#### Input material:
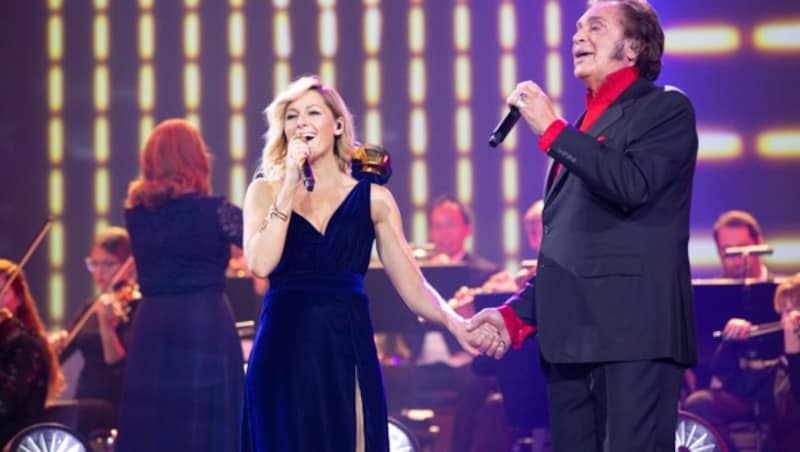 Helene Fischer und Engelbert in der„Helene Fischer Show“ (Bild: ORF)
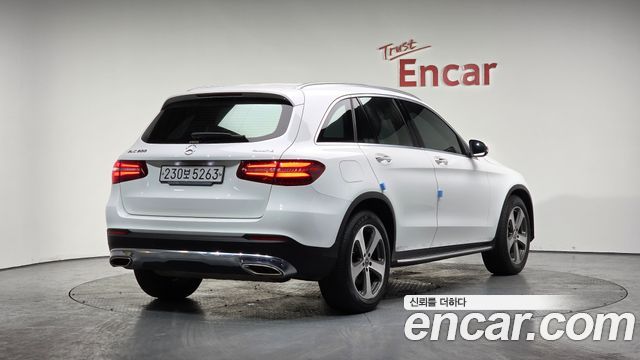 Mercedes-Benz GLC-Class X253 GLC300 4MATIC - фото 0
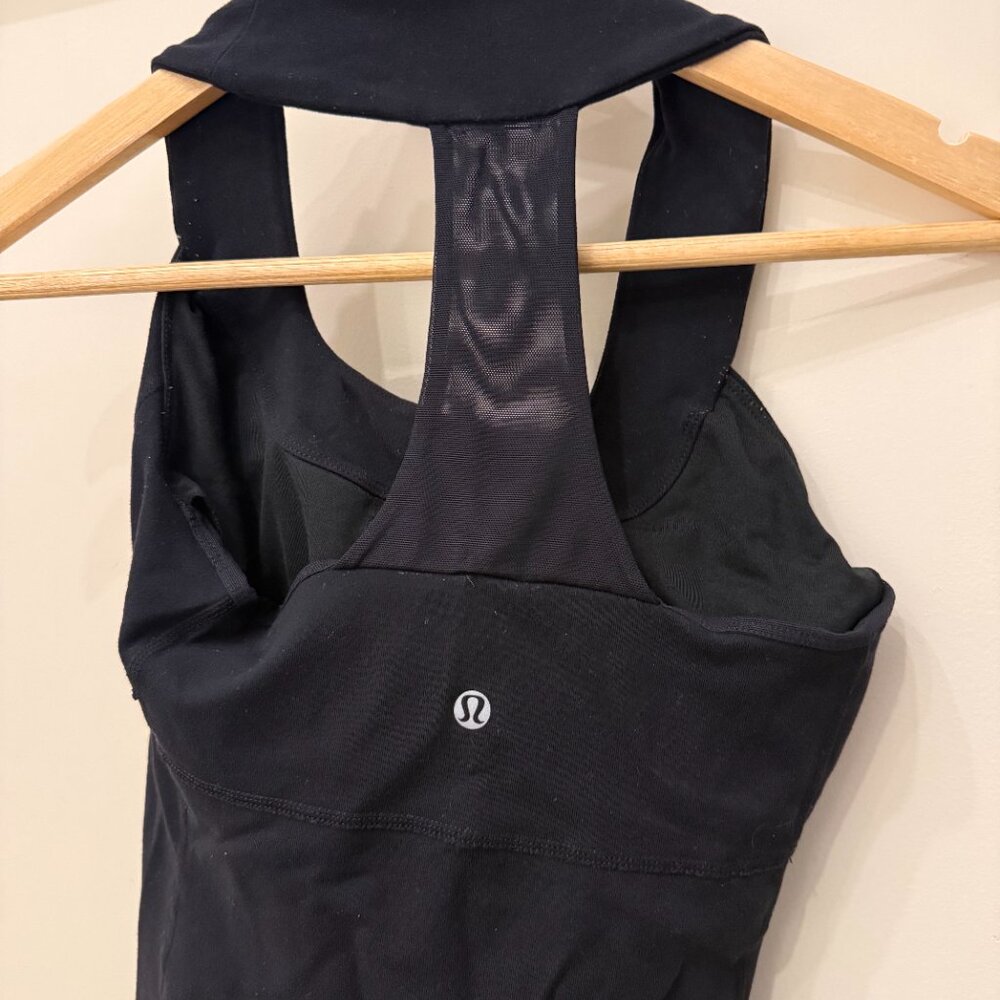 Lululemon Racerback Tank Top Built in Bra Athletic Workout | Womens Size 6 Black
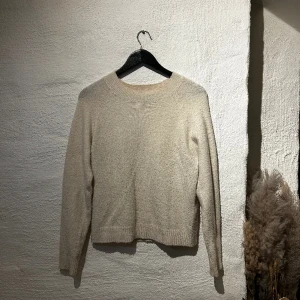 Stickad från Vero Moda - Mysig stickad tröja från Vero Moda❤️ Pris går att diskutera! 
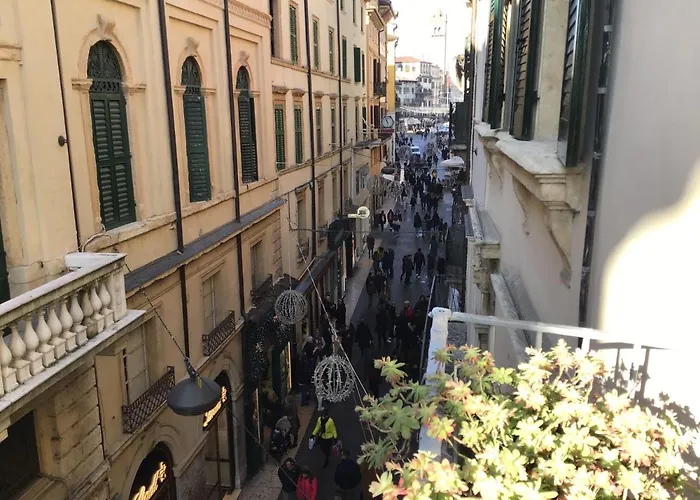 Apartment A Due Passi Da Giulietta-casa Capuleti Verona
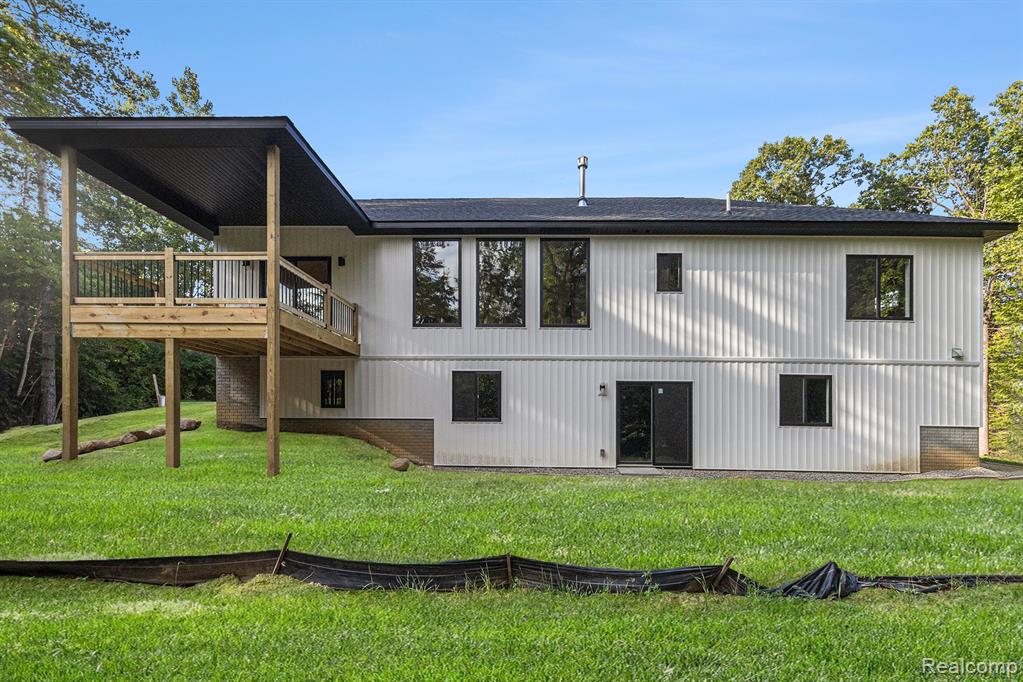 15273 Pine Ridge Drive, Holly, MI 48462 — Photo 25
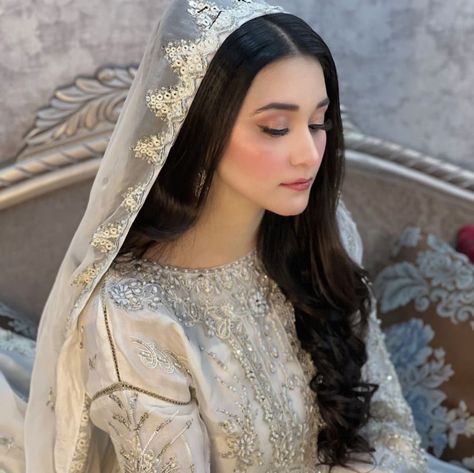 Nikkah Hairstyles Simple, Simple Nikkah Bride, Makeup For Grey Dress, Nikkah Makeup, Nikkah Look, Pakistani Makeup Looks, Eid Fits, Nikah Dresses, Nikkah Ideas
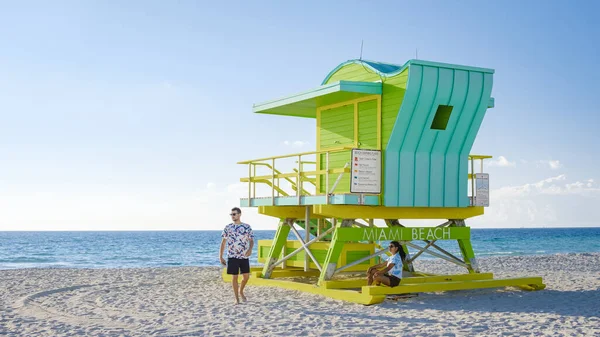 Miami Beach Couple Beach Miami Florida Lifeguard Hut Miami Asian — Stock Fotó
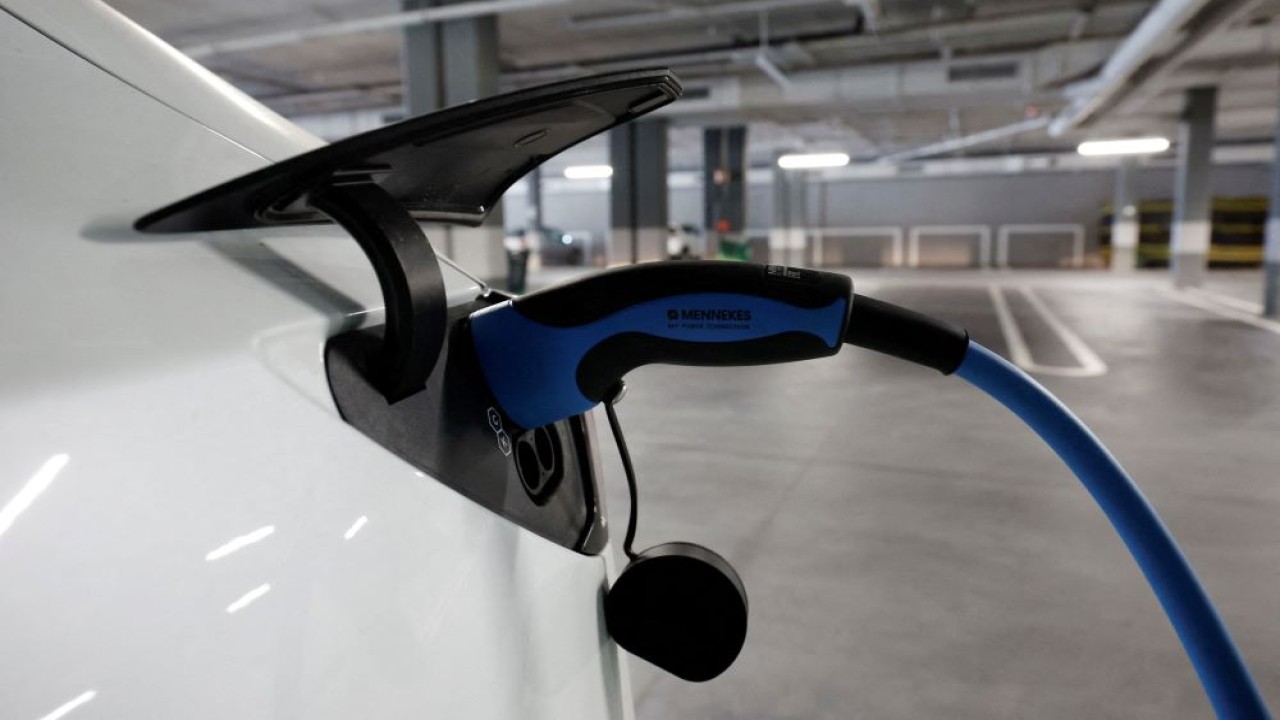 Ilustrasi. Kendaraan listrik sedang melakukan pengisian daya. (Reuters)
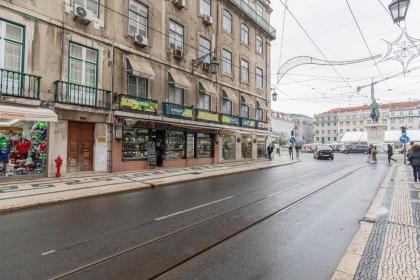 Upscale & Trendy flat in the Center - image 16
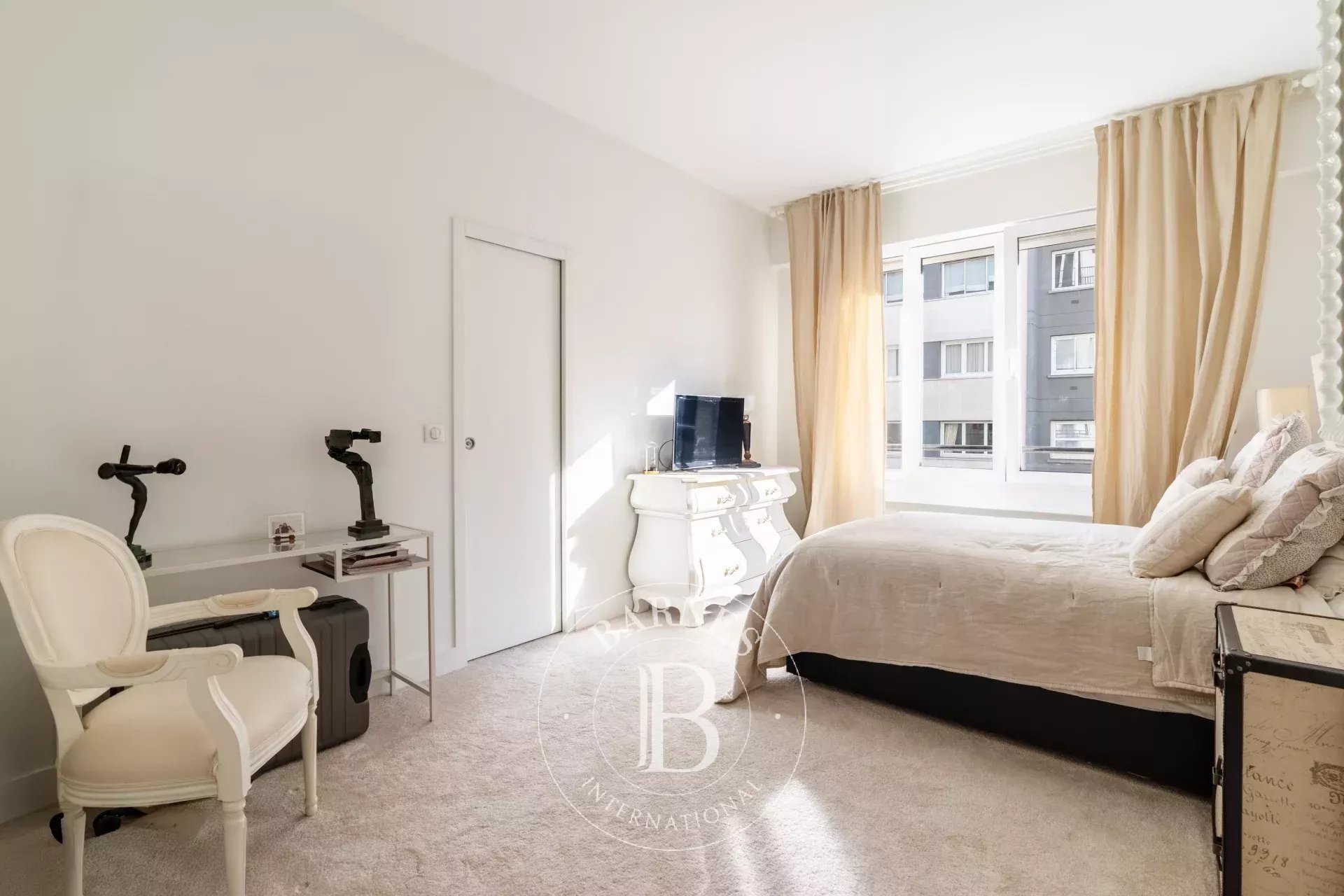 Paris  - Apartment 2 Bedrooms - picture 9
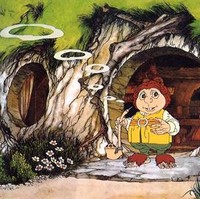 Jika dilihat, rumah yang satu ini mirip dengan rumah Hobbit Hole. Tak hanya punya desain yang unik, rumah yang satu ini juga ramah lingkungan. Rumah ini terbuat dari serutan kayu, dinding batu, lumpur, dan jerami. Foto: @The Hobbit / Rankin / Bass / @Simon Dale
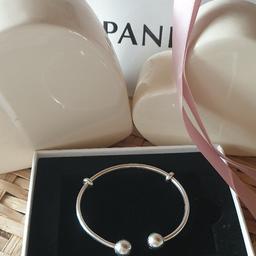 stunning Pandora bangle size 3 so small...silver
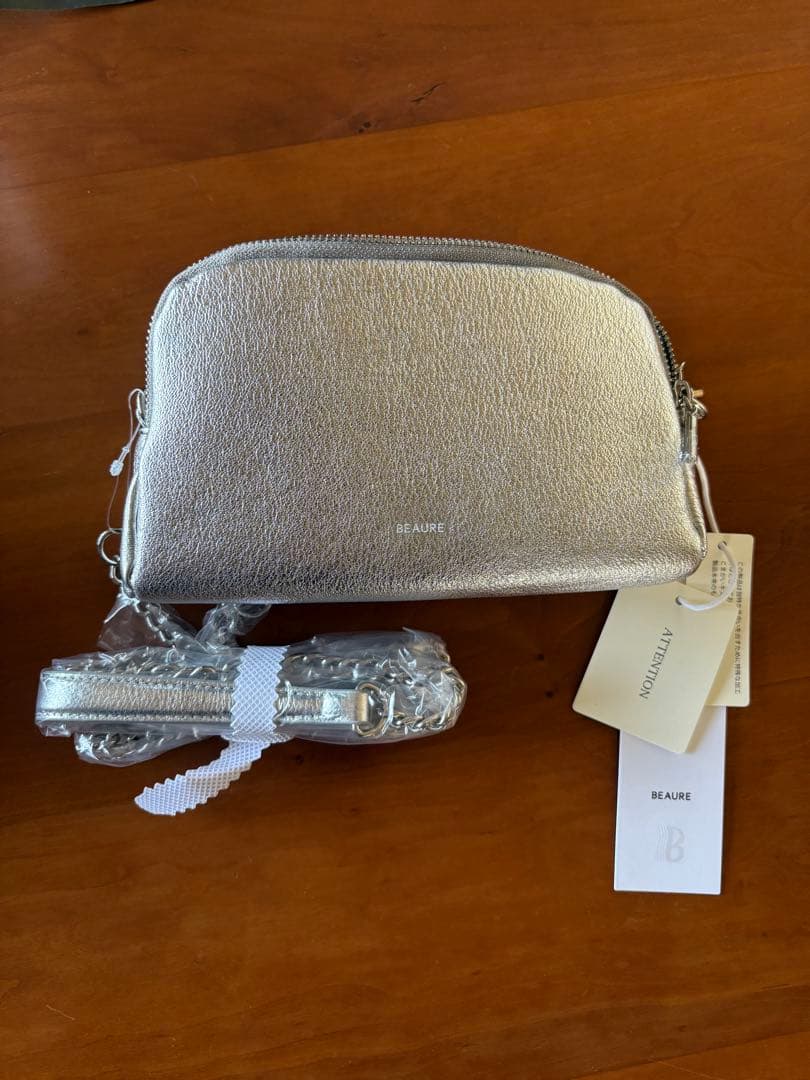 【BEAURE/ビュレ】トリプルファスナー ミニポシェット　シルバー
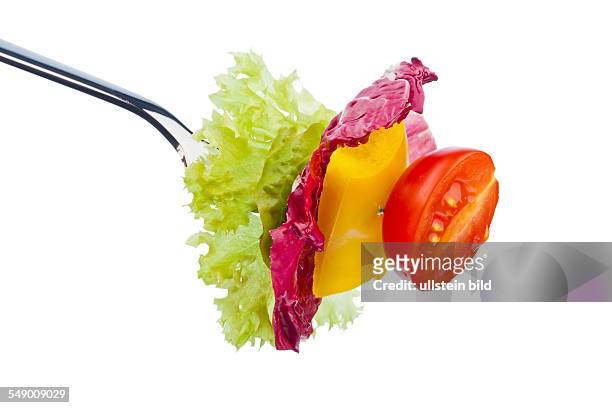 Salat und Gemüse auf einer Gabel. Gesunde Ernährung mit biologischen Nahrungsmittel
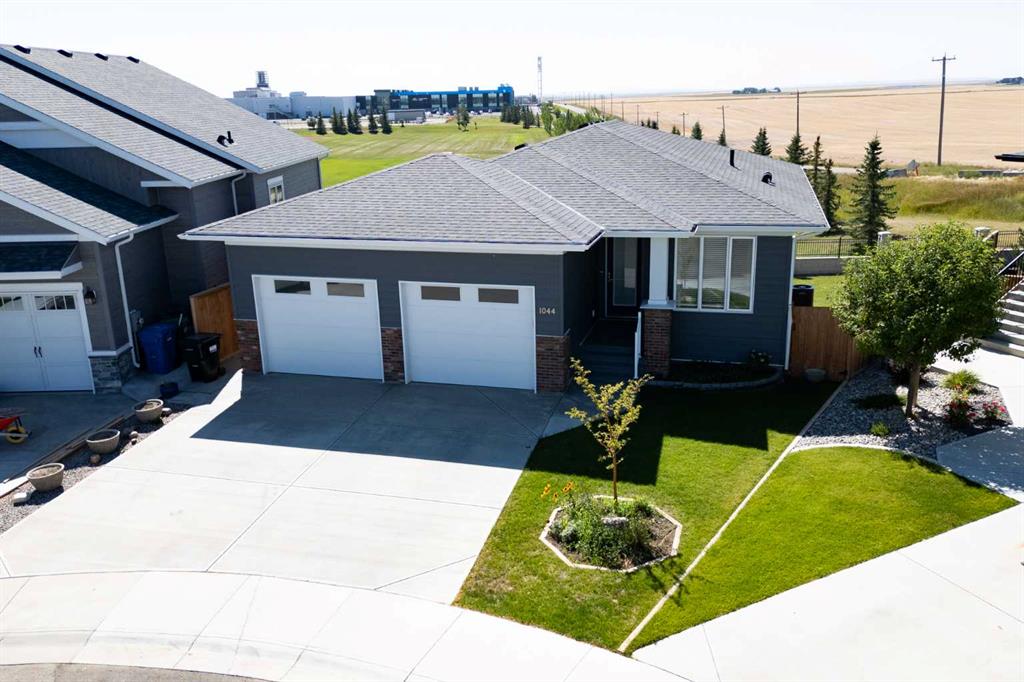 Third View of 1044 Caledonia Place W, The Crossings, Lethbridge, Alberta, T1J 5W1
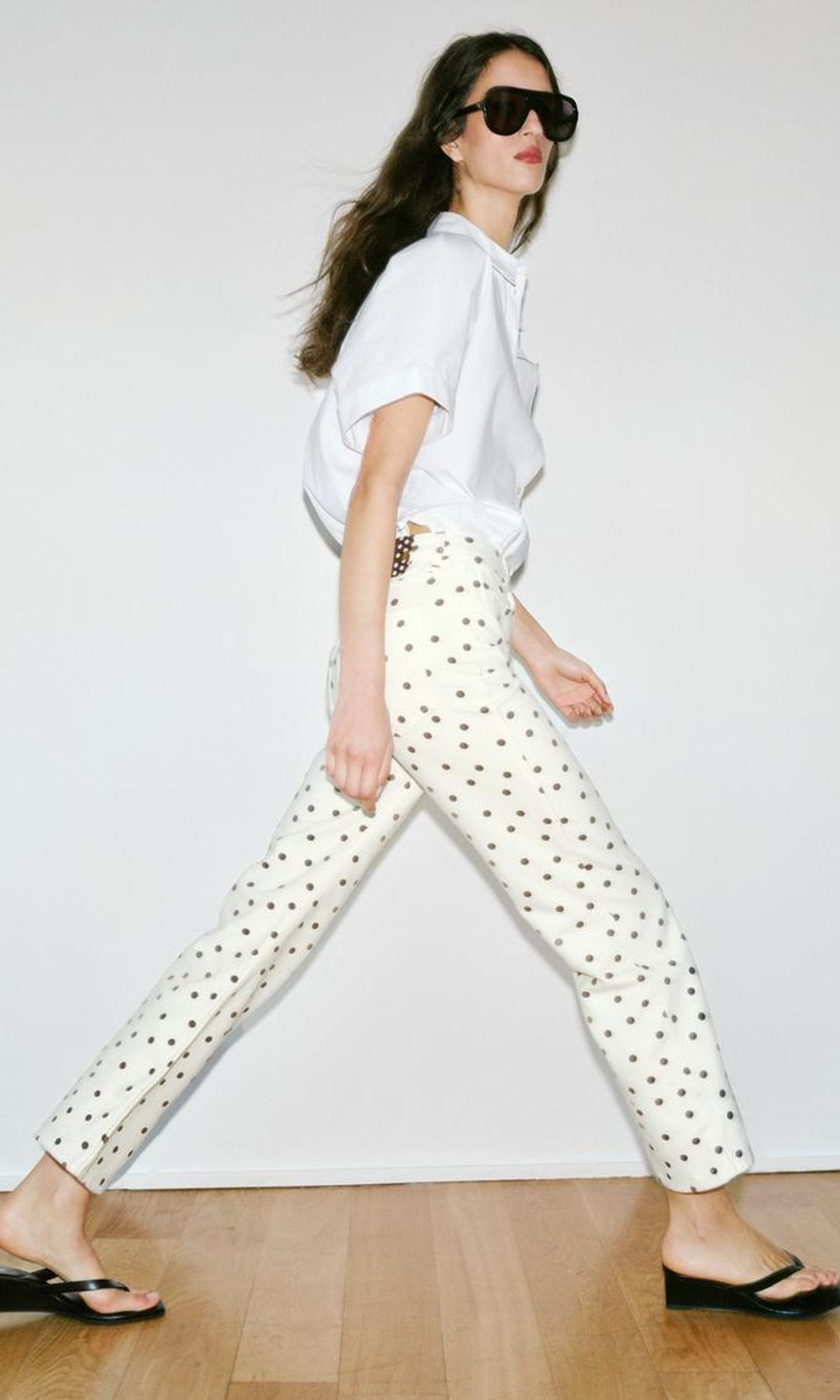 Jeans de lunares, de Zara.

#### Exercise aim:
Exactly restate the lines from the beginning of the data through the line with "- picture 9", and no others, keeping pictures out.

#### Solution to the problem:
 Helene Fischer und Engelbert in der„Helene Fischer Show“ (Bild: ORF)
 Mercedes-Benz GLC-Class X253 GLC300 4MATIC - фото 0
 Lululemon Racerback Tank Top Built in Bra Athletic Workout | Womens Size 6 Black
 Stickad från Vero Moda - Mysig stickad tröja från Vero Moda❤️ Pris går att diskutera! 
 Apartment A Due Passi Da Giulietta-casa Capuleti Verona
 15273 Pine Ridge Drive, Holly, MI 48462 — Photo 25
 Nikkah Hairstyles Simple, Simple Nikkah Bride, Makeup For Grey Dress, Nikkah Makeup, Nikkah Look, Pakistani Makeup Looks, Eid Fits, Nikah Dresses, Nikkah Ideas
 Miami Beach Couple Beach Miami Florida Lifeguard Hut Miami Asian — Stock Fotó
 Ilustrasi. Kendaraan listrik sedang melakukan pengisian daya. (Reuters)
 Upscale & Trendy flat in the Center - image 16
 Paris  - Apartment 2 Bedrooms - picture 9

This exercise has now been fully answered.